Although in the popular mind Galileo is remembered chiefly as an astronomer,
however, the science of mechanics and dynamics pretty much owe their existence to his
findings. Before he was twenty, observation of the oscillations of a swinging lamp in the
cathedral of Pisa led him to the discovery of the isochronism of the pendulum, which
theory he utilized fifty years later in the construction of an astronomical clock. In 1588, an
essay on the center of gravity in solids obtained for him the title of the Archimedes of his
time, and secured him a teaching spot in the University of Pisa. During the years
immediately following, taking advantage of the celebrated leaning tower, he laid the
foundation experimentally of the theory of falling bodies and demonstrated the falsity of
the peripatetic maxim, which is that an objects rate of descent is proportional to its weight.

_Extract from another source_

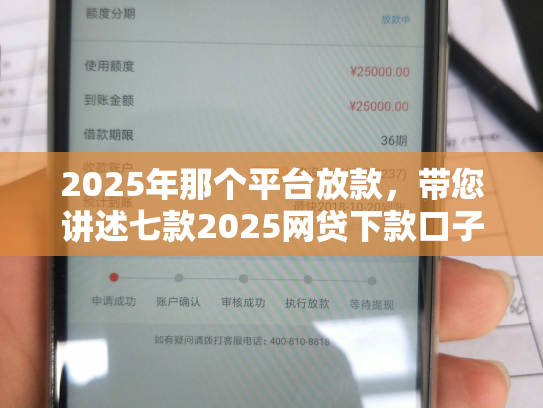 2025年那个平台放款，带您讲述七款2025网贷下款口子图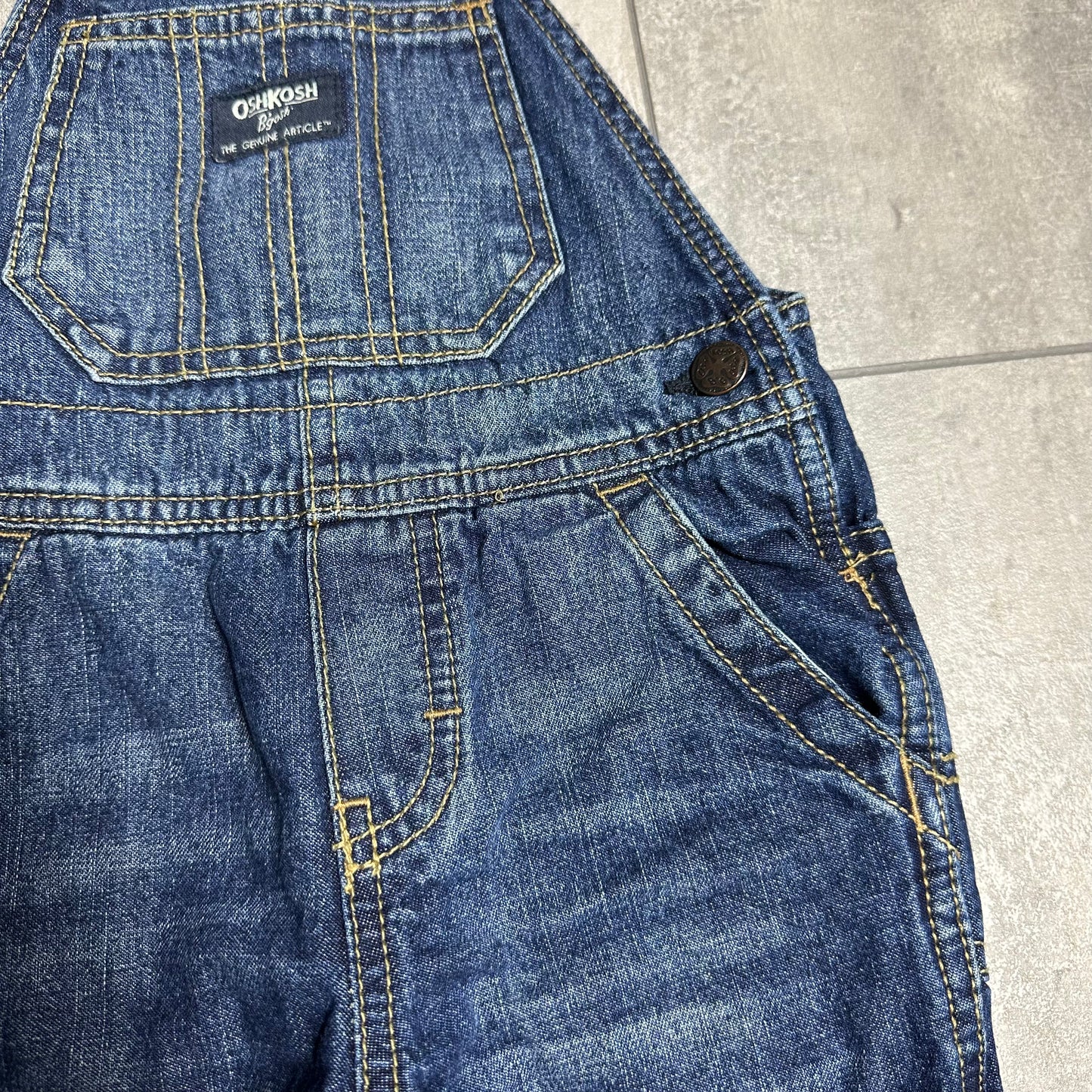 OshKosh Denim Carpenter Dungarees 18-24 Months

When he challenged this it made all of the followers of Aristotle extremely angry, they
would not except the fact that their leader could have been wrong. Galileo, in result of
this and other troubles, found it prudent to quit Pisa and move to Florence, the original
home of his family. In Florence he was nominated by the Venetian Senate in 1592 to the
chair of mathematics in the University of Padua, which he occupied for eighteen years,
with ever-increasing fame. After that he was appointed philosopher and mathematician to
the Grand Duke of Tuscany. During the whole of this period, and to the close of his life,
his investigation of Nature, in all her fields, was never stopped. Following up his
experiments at Pisa with others upon inclined planes, Galileo established the laws of falling
bodies as they are still formulated. He likewise demonstrated the laws of projectiles, and
largely anticipated the laws of motion as finally established by Newton. In statics, he gave
the first direct and satisfactory demonstration of the laws of equilibrium and the principle
of virtual velocities. In hydrostatics, he set forth the true principle of flotation. He invented
a thermometer, though a defective one, but he did not, as is sometimes claimed for him,
invent the microscope.
Though, as has been said, it is by his astronomical discoveries that he is most
widely remembered, it is not these that constitute his most substantial title to fame. In this
connection, his greatest achievement was undoubtedly his virtual invention of the
telescope. Hearing early in 1609 that a Dutch optician, named Lippershey, had produced
an instrument by which the apparent size of remote objects was magnified, Galileo at once
realized the principle by which such a result could alone be attained, and, after a single
night devoted to consideration of the laws of refraction, he succeeded in constructing a
telescope which magnified three times, its magnifying power being soon increased to
thirty-two. This instrument being provided and turned towards the heavens, the
discoveries, which have made Galileo famous, were bound at once to follow, though
undoubtedly he was quick to grasp their full significance. The moon was shown not to be,
as the old astronomy taught, a smooth and perfect sphere, of different nature to the earth,
but to possess hills and valleys and other features resembling those of our own globe.
The planet Jupiter was found to have satellites, thus displaying a solar system in miniature,
and supporting the doctrine of Copernicus. It had been argued against the said system
that, if it were true, the inferior planets, Venus and Mercury, between the earth and the
sun, should in the course of their revolution exhibit phases like those of the moon, and,
these being invisible to the naked eye, Copernicus had to change the false explanation that
these planets were transparent and the sun's rays passed through them. But with his
telescope Galileo found that Venus did actually exhibit the desired phases, and the
objection was thus turned into an argument for Copernicanism.